Notre saison de colza 2016-2017

Pour cette campagne, nous disposions de deux parcelles pour implanter du colza. Précédemment occupée par de l’orge d’hiver, cette surface totale d’environ 4,5 hectares a été intégralement conduite de la même façon.

Après épandages de 20 à 25 tonnes de fumier par hectare suivi de deux déchaumages superficiels en interculture, nous avons labouré puis préparé le sol pour implanter nos semences le 22 août, date généralement considérée comme étant assez précoce pour la réalisation de tels travaux.

Semer des hybrides ou une variété pure?

Il existe deux types de variétés : les hybrides, qui représentent au moins 80% des semences de colza utilisées dans notre région, et les variétés dites « lignées pures » issues de deux parents comportant les mêmes caractéristiques.

Pour ce qui nous concerne, nous avons choisi d’implanter une variété lignée, de chez Momont, semencier local installé dans le Pévèle.

Cette variété inscrite sous le nom Butterfly possède des qualités essentielles qui correspondent parfaitement aux méthodes intégrées que nous pratiquons. Elle offre notamment des qualités de résistance aux maladies et elle est surtout peu sensible à la verse et à l’élongation, avec un potentiel de rendement satisfaisant.

En outre, nous avons simultanément implanté des plantes légumineuses (féveroles et lentilles) dont l’intérêt est multiple : travail des sols par les racines et enrichissement par l’apport d’azote, occupation du terrain pour limiter le salissement des parcelles et piégeage des insectes ravageurs (ngon prouvé scientifiquement).

champ de colza le 29 octobre 2017

Champ de colza le 29 octobre 2017

Ces plantes gélives ont été naturellement détruites par le gel hivernal et ont donc accompagné le colza lors de la phase automnale de son cycle. Par leur dégradation à la sortie d’hiver et au printemps, elles lui ont alors apporté des nutriments permettant ainsi de diminuer les apports d’engrais d’environ 20 à 25%.

En début de cycle, jusqu’au stade 3-4 feuilles, le colza est particulièrement sensible aux limaces mais le labour (en les dérangeant) et les conditions climatiques particulièrement sèches du début du mois de septembre 2016 ont été salutaires. Concernant les altises, autres insectes nuisibles jusqu’au même stade (3-4 feuilles), leurs vols ont été plus tardifs, et l’avancée des dates de semis permettant une croissance rapide du colza en début de cycle les a rendu inoffensifs.

Le caractère peu sensible à la verse et à l’élongation de la variété implantée nous a permis d’avancer les dates de semis aux alentours du 20 août sans crainte.
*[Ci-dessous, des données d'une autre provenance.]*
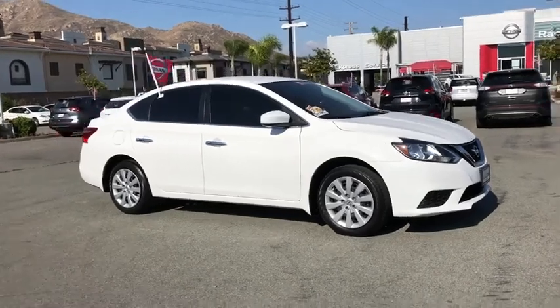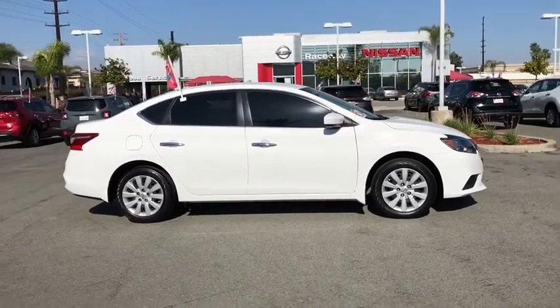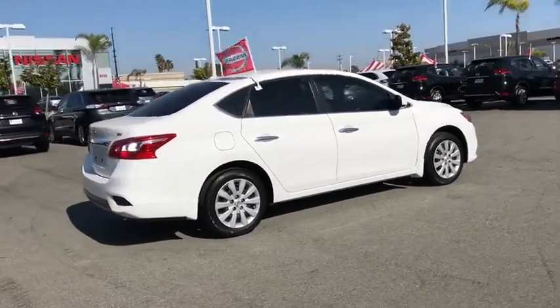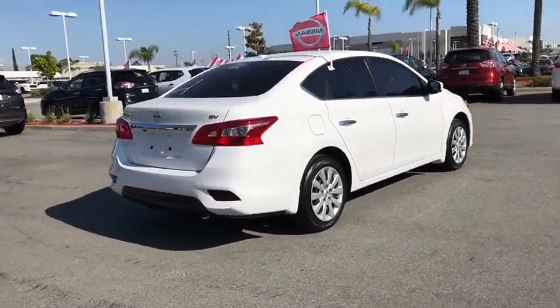The 2016 Nissan Sentra. With its spacious and versatile interior and stellar fuel efficiency, the Nissan Sentra is the obvious choice for anyone who wants to enjoy a stylish and comfortable ride. This vehicle has less than 20,000 miles.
En effet, on aurait pu redouter un allongement trop important du collet avant l’hiver qui aurait justifié l’application de produits pour réguler la croissance. Il n’en a rien été et, comme prévu, la croissance s’est freinée d’elle-même au stade 6-8 feuilles.

Cette variété a été mélangée à 5% d’Alicia, une variété très précoce destinée à piéger les méligètes au printemps. Ces insectes pollinisateurs abîment les boutons floraux et s’opposent par conséquent à leur bonne évolution en fleurs induisant une diminution de la productivité. L’objectif est atteint si l’Alicia est en fleur (plus attractive pour les insectes) en même temps que la variété principale est en bouton (stade de sensibilité). De cette façon, les boutons floraux pourront évoluer dans de bonnes conditions et on évitera ainsi le recours à des produits insecticides pour éliminer ces ravageurs dont on aurait ensuite apprécié le travail de pollinisation au stade floraison de la variété principale. Pour résumer, les méligètes ravageurs au stade bouton deviennent intéressants en tant que pollinisateurs au stade floraison. Par conséquent, il paraît contradictoire de les éliminer par l’application d’insecticides comme pratiqué régulièrement en agriculture conventionnelle.
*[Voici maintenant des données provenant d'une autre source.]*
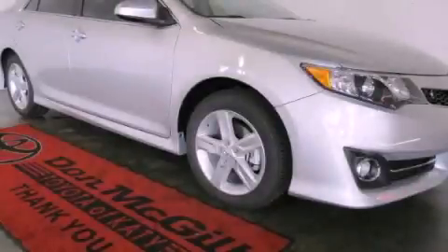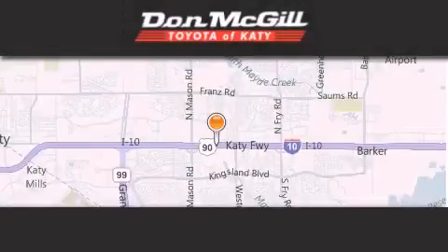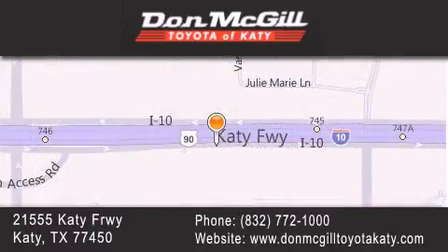Call now to find out how you can own this breathtaking vehicle. Don McGill Toyota of Katy is located at 2155 Katy Freeway in Katy. Our goal is to exceed all of your expectations to ensure that you'll return for future visits.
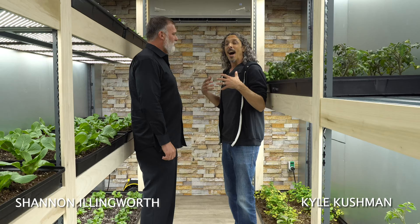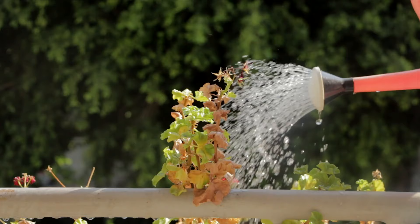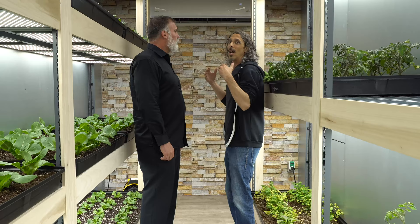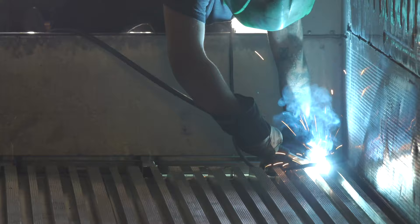Hi there everybody. I'm Kyle Cushman and I'm here today at GrowPod Solutions with the owner and founder, Shannon Illingworth. I've been growing with Shannon for a while now — everybody knows I like to grow things, lots of green — but we have a new idea here. We want to feed the world with vegetables and good produce. Shannon is here to tell us a little bit more about the technical details of these wonderful GrowPods.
Afin de limiter le salissement des parcelles, nous avons procédé à un désherbage chimique juste après le semi, mais avec une réduction d’environ 30% des doses préconisées.

Concernant la prévention des maladies, les conditions climatiques particulièrement sèches et douces du printemps 2017 ont permis de limiter notre intervention à un passage avec une demi dose par rapport à celle recommandée.
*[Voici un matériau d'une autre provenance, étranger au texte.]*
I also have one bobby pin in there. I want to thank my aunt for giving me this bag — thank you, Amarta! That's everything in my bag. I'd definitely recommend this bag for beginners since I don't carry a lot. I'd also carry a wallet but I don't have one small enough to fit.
En conclusion, pour notre première expérience de culture de colza en intégré, nous pouvons considérer avoir atteint notre objectif en supprimant tous les insecticides généralement employés et en ayant diminué de façon significative tous les autres intrants pour obtenir un rendement tout à fait honorable et un produit nettement plus sain que si on avait utilisé des techniques conventionnelles. Il semblerait que nos choix stratégiques associés aux conditions climatiques particulièrement favorables constituent les principales explications de ce succès.